:: MATERIAL FOR THIS TASK ::

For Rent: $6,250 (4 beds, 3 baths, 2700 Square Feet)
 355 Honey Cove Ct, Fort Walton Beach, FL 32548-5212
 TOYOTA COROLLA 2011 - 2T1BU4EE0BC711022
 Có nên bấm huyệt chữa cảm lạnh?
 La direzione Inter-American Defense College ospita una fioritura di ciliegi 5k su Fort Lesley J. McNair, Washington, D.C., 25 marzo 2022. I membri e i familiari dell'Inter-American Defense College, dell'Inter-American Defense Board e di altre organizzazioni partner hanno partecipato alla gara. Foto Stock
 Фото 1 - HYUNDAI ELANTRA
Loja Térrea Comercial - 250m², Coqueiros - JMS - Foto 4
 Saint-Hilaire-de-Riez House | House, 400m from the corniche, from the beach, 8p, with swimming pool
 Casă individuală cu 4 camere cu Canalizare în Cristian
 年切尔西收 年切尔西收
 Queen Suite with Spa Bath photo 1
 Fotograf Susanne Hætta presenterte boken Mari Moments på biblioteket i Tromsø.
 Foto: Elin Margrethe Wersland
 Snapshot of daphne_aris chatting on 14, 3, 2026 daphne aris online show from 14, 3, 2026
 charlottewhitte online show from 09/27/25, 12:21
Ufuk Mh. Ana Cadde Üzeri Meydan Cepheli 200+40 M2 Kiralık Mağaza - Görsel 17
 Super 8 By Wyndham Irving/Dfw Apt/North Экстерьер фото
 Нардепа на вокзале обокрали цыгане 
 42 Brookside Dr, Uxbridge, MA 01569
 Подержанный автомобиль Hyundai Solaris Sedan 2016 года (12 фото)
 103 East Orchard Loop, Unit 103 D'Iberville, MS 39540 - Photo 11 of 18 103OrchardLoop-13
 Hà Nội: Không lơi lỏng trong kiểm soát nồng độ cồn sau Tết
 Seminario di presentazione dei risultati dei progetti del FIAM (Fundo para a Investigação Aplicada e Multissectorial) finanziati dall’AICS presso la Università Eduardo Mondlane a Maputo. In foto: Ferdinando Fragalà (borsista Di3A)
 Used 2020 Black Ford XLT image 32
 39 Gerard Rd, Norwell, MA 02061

:::

__WHAT TO PRODUCE__
Would you retype exactly the lines above, from the line with "Loja Térrea Comercial" to the line with "Hà Nội: Không", with both end lines kept and nothing more?

__RESULT OF THIS EXERCISE__
Loja Térrea Comercial - 250m², Coqueiros - JMS - Foto 4
 Saint-Hilaire-de-Riez House | House, 400m from the corniche, from the beach, 8p, with swimming pool
 Casă individuală cu 4 camere cu Canalizare în Cristian
 年切尔西收 年切尔西收
 Queen Suite with Spa Bath photo 1
 Fotograf Susanne Hætta presenterte boken Mari Moments på biblioteket i Tromsø.
 Foto: Elin Margrethe Wersland
 Snapshot of daphne_aris chatting on 14, 3, 2026 daphne aris online show from 14, 3, 2026
 charlottewhitte online show from 09/27/25, 12:21
Ufuk Mh. Ana Cadde Üzeri Meydan Cepheli 200+40 M2 Kiralık Mağaza - Görsel 17
 Super 8 By Wyndham Irving/Dfw Apt/North Экстерьер фото
 Нардепа на вокзале обокрали цыгане 
 42 Brookside Dr, Uxbridge, MA 01569
 Подержанный автомобиль Hyundai Solaris Sedan 2016 года (12 фото)
 103 East Orchard Loop, Unit 103 D'Iberville, MS 39540 - Photo 11 of 18 103OrchardLoop-13
 Hà Nội: Không lơi lỏng trong kiểm soát nồng độ cồn sau Tết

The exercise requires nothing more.